NIH, NAS dole out punishments for abusive members
The National Institutes of Health (NIH) and the National Academy of Sciences (NAS) have announced disciplinary actions against individuals accused of creating a toxic workplace environment.
The National Institutes of Health (NIH) and the National Academy of Sciences (NAS) have announced disciplinary actions against individuals accused of creating a toxic workplace environment, Inside Higher Ed reports.
At the NIH, 75 principal investigators (PIs) have been removed from grants following reports of sexual harassment, with allegations dating back to 2018. It’s the first time PIs have been removed for this reason, the NIH says.
About 125 NIH scientists have been banned from acting as peer reviewers for grants in an effort to avoid bias, which is a whole other issue the agency has had to confront (more on that below).The organization’s Office of Extramural Research Deputy Director Michael Lauer said at a June 10 meeting of the NIH’s Advisory Committee to the Director it’s not unusual for the NIH to remove a reviewer if they are under investigation for harassment claims. “If it turns out that everything is fine, then we can restore the ability to invite them for peer review,” Lauer added.
At the meeting, Lauer presented findings on 314 complaints, noting some cases involved overlapping concerns.
NAS has expelled two members following an investigation into claims of sexual misconduct, a first in the organization’s 158-year history. One of those members was astronomer Geoff Macy, who was booted in April for violating Section IV of its Code of Conduct, which prohibits “sexual advances, requests for sexual favours, and other verbal or physical conduct of a sexual nature that creates an intimidating, hostile, or offensive environment.”
According to the code, members can also be expelled for “other types of harassment,” which include “any verbal or physical conduct directed at individuals or groups of people because of their race, ethnicity, colour, national origin, sex, sexual orientation, gender identity, age, religion, disability, veteran status, or any other characteristic protected by applicable laws, that creates an intimidating, hostile, or offensive environment.”
While the developments signify a move in the right direction, survivors of sexual harassment in the sciences said that while they welcome the actions taken by NIH and NAS, some found the reporting process to be physically and emotionally draining.
“What’s really clear at this point is that it takes overwhelming evidence and many victims coming forward to get any of these other organizations to act,” Kathleen Treseder, professor of ecology and evolutionary biology at Irvine and an accuser, told Insider Higher Ed.
“Things are so entrenched that it just takes a mountain to move these people.”

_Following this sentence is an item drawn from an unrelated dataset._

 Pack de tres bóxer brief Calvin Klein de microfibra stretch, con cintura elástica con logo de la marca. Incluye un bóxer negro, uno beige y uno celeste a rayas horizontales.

Back in March, NIH director Francis Collins publicly apologized for systemic racism embedded in the agency’s federal funding process for biomedical research. Disparities were first reported in 2011 and then again in 2019, coming to light once more in January 2021 with the publication of a report by Michael A Taffe and Nicholas W Gilpin.
Analysis found white scientists are 1.7 times more likely to receive federal research grants than Black scientists, “even when controlling for a long list of potential mediating variables,” Dr. Gilpin said.
In a statement, Dr. Collins acknowledged NIH’s efforts to increase diversity “have not been sufficient.”
“To those individuals in the biomedical research enterprise who have endured disadvantages due to structural racism, I am truly sorry,” he continued.
Dr. Collins announced a new initiative called UNITE, tasked with identifying “short-term and long-term actions” that will eliminate bias.